French scientists are making an important contribution to the international effort to better understand the climate system through digital simulation

Climatologists working at Météo-France and the Institut Pierre-Simon-Laplace (IPSL), drawing in particular on the research resources of the National Meteorological Research Centre (CNRM, Météo-France/CNRS), the CEA, Sorbonne University, the IRD and the "Climate, Environment, Interactions and Uncertainties" laboratory (Cerfacs/CNRS), published new data sets in March 2019, intended to feed into international scientific work and which promise to provide new insights into knowledge of past and future climate change.

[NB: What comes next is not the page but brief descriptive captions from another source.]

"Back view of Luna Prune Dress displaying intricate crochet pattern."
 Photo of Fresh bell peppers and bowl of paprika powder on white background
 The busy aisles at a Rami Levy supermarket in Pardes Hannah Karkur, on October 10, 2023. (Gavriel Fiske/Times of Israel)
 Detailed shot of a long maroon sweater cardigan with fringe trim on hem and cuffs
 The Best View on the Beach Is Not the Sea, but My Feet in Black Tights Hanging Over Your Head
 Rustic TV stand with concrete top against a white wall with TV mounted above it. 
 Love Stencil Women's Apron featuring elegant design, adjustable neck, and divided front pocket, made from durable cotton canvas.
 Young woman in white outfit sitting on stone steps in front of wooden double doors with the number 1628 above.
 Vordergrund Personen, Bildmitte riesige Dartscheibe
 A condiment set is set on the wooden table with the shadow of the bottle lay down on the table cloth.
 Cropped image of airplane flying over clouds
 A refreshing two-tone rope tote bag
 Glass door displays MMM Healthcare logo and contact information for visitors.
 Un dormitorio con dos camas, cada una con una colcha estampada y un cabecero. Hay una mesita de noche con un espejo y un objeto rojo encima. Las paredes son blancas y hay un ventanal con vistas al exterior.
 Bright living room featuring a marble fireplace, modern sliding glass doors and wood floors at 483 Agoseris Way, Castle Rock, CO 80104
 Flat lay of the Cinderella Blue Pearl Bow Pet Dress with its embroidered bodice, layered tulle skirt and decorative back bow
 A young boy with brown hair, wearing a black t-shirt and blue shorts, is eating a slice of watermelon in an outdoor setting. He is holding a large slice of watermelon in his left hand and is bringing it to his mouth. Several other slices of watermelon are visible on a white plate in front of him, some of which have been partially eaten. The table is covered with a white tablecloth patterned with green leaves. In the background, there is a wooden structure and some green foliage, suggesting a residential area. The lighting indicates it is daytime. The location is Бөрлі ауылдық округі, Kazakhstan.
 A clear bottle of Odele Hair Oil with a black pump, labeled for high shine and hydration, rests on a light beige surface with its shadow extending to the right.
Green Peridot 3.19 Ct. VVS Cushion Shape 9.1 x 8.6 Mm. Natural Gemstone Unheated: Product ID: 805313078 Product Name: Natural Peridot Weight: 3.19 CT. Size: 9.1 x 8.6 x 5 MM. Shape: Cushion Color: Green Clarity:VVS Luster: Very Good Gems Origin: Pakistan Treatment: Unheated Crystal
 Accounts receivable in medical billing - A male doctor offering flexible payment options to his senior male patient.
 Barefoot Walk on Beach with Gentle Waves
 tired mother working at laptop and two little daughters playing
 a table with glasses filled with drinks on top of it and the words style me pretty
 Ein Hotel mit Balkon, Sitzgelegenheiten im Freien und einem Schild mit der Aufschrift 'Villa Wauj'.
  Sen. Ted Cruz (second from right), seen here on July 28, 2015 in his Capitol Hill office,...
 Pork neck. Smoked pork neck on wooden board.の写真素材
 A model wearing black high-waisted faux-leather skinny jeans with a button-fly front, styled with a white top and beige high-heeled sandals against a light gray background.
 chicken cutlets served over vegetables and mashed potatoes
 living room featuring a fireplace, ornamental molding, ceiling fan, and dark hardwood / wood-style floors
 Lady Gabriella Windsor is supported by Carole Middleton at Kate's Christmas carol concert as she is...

Anticipating the impact of climate change on aviation

Establishing an inventory shared between industrialists, research laboratories and institutions, with a view to developing and implementing methodologies adapted to the study and quantification of impacts related to climate change (CC) on aviation, is the objective of the Icca (Impact of Climate Change on Aviation) project in which the establishment participates, notably in conjunction with Cerfacs, as part of a project led by the Thematic Network of Advanced Research in Science and Technology for Aeronautics and Space (RTRA STAE). This work will make it possible to propose an action plan in this area, which is still poorly understood but which is expected to have a very significant impact on this major economic sector and potentially on flight safety.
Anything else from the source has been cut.